10. Practical Getting-Started Guide
Step 1: Set Up Your Testing Infrastructure
project/
├── AGENTS.md # Agent instructions including test commands
├── tests/
│ ├── unit/ # Fast, deterministic, run on every commit
│ ├── integration/ # Component-level, may use real APIs
│ └── evals/ # Agent behavior evals, run nightly
├── .claude/ # Agent harness configuration
└── scripts/
└── run-tests.sh # Single command to run all tests
Step 2: Write Agent-Friendly Tests
# GOOD: One assertion, descriptive message, fast
def test_user_creation_returns_valid_id():
user = create_user(name="Alice", email="[email protected]")
assert user.id is not None, (
f"create_user returned None id. "
f"Check database connection and user validation."
)
assert isinstance(user.id, int), (
f"Expected int id but got {type(user.id).__name__}. "
f"Database may be returning string UUIDs."
)
# BAD: Multiple concerns, no diagnostic info
def test_user():
user = create_user(name="Alice", email="[email protected]")
assert user.id
assert user.name == "Alice"
assert user.email == "[email protected]"
assert user.created_at
assert validate_user(user)Step 3: Configure Your AGENTS.md
## Testing
- Run tests with: `pytest tests/ -v --tb=short`
- Run only unit tests: `pytest tests/unit/ -v`
- NEVER modify test files — implement code to pass existing tests
- If a test fails, read the error message carefully before changing code
- Run tests after every code changeStep 4: Implement Feedback Loops
Use hooks that run tests automatically on every agent code change. On failure, surface only the error output (back-pressure pattern). On success, hooks are silent — nothing added to context.
Step 5: Add Evaluation Layers Incrementally
- Start with deterministic unit tests (Layer 1)
- Add record-and-replay integration tests (Layer 2)

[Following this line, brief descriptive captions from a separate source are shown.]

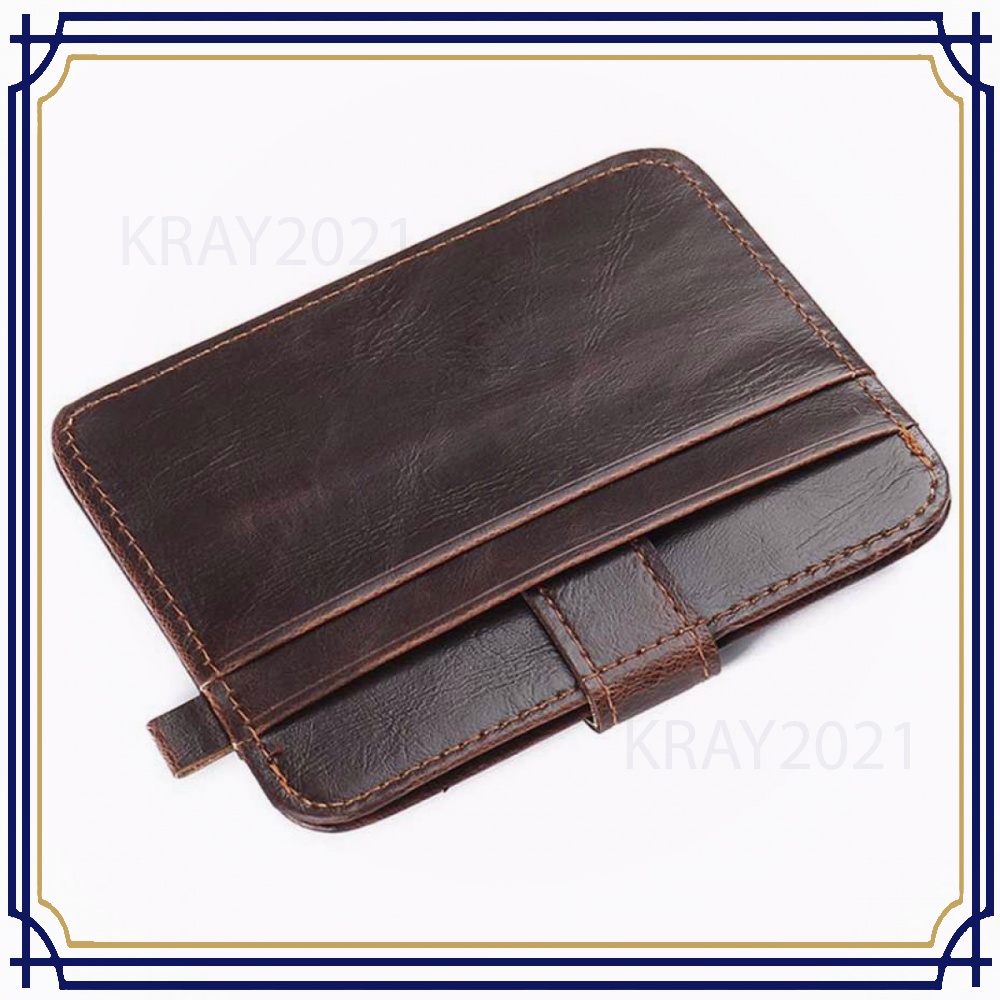 Dompet Kecil Kulit dengan Hasp Ring - WL031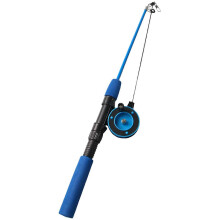 Blue Cat Telescopic Teaser Pet Supplies Entertaining Durability Portable Cats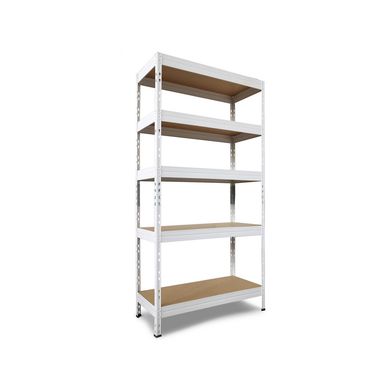 Estante de metal blanco 5 Niveles 90 x 180 x 40 cm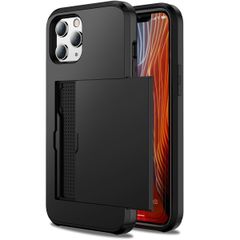 imoshion Coque arrière avec porte-cartes Apple iPhone 12 (Pro) - Noir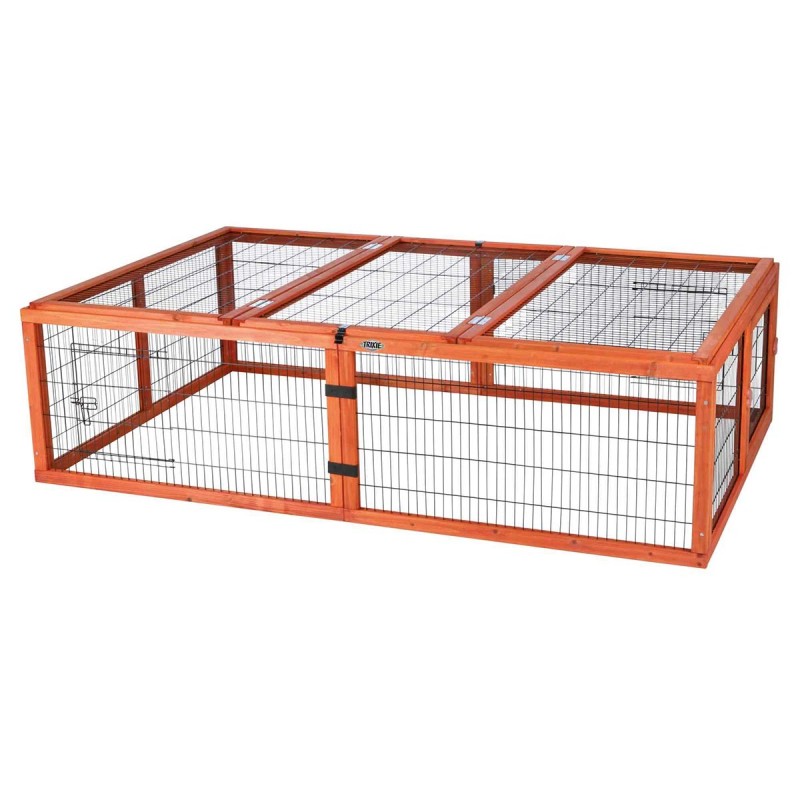 Trixie natura Freilaufgehege mit Abdeckung 174×48×109 cm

- Implement pass@k benchmark evals when ready (Layer 3)
- Reserve LLM-as-judge for subjective quality assessment (Layer 4)
11. Open Challenges
- The feature development gap: Best agents solve only 11% of FeatureBench vs 74% on SWE-bench
- Long-term maintenance regression: Zero-regression rates below 25% for most models during sustained development
- The oracle problem: Who verifies the specification (test) is correct when AI writes both code and tests?
- Statistical evaluation tooling: No mainstream tools offer confidence intervals or formal statistical aggregation for agent eval results
- Cross-model regression detection: How to systematically detect behavioral regressions when model providers update weights
- Visual and multimodal testing: 73% performance drop when images are involved
12. Key Principles (Summary)
- Tests are the primary interface between human intent and agent behavior. They function as specifications, feedback signals, and verification mechanisms simultaneously.
- The testing pyramid must be restructured around uncertainty tolerance, not test granularity.
- Harness quality determines agent quality. Model capabilities are necessary but not sufficient.
- Context over instruction. Agents benefit more from targeted contextual information than from verbose procedural instructions.
- Specification must be executable. Static documentation drifts; executable specifications enforce compliance mechanically.
- Grade outcomes, not paths. Testing specific sequences is brittle; test end states.
- Start with failures. Turn real production failures into eval tasks.
- Keep infrastructure lightweight. Every model release changes the optimal structure — design for replaceability.